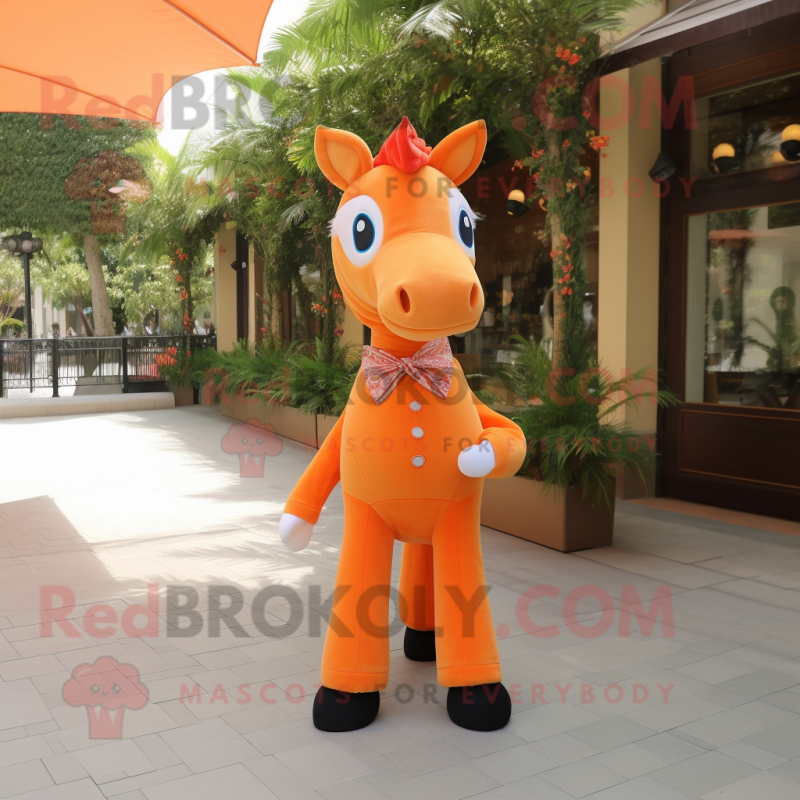 Orange Mare mascot costume character dressed with a Jumpsuit and Bow ties Orange Mare mascot costume character dressed with a Jumpsuit and Bow ties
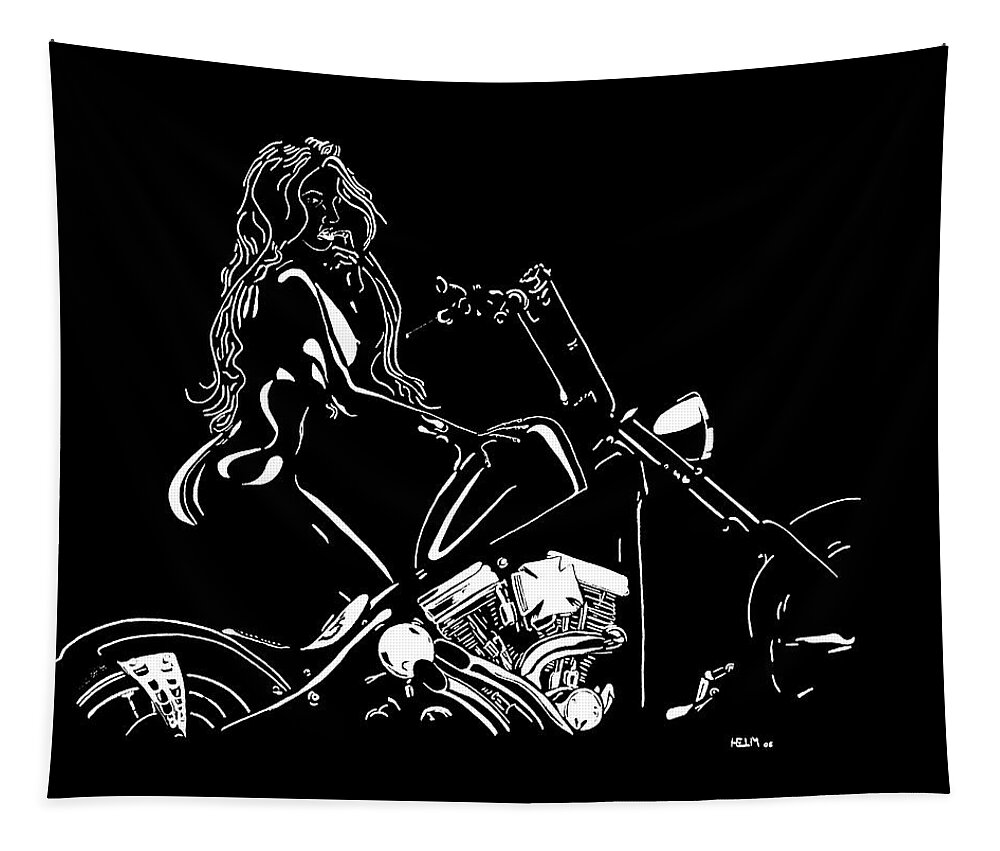 Sex Photographs Tapestry featuring the drawing Kitty-Kitty by Mayhem Mediums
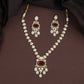 Flowing Drop Link Kundan Necklace with Decorative Pendant and Hanging Frames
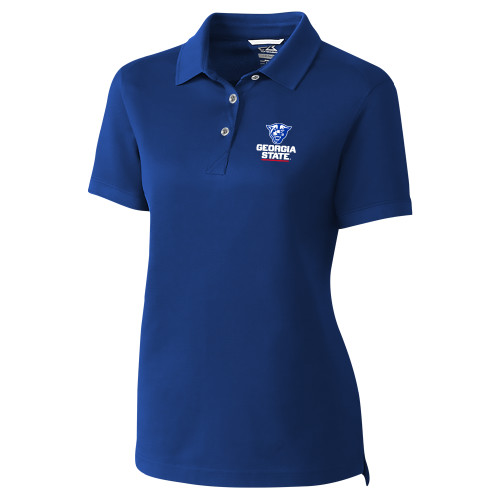  C&B Womens Royal Advantage Polo - Panther Head over Stacked Logo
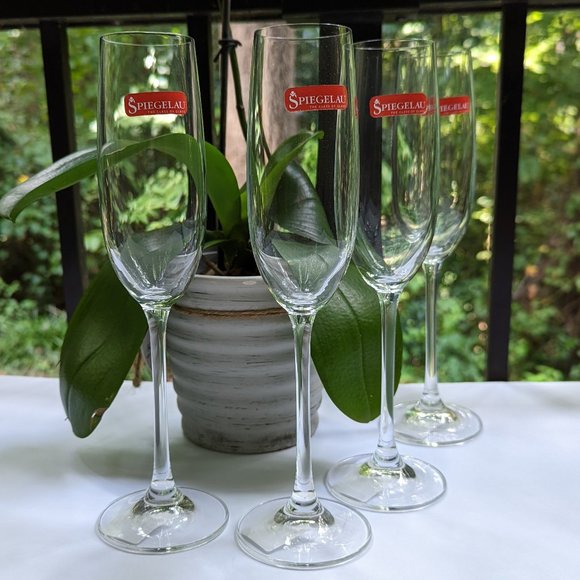 SPIEGELAU Salute Crystal Champagne Wine Glasses Set of 4 - Picture 5 of 10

● ● ● ● ●

- Assigned task
Transcribe exactly each line of the records from the start up to and including the one with "Flowing Drop Link", and leave out every picture.

- Reply to the task
 Orange Mare mascot costume character dressed with a Jumpsuit and Bow ties Orange Mare mascot costume character dressed with a Jumpsuit and Bow ties
 Sex Photographs Tapestry featuring the drawing Kitty-Kitty by Mayhem Mediums
 Flowing Drop Link Kundan Necklace with Decorative Pendant and Hanging Frames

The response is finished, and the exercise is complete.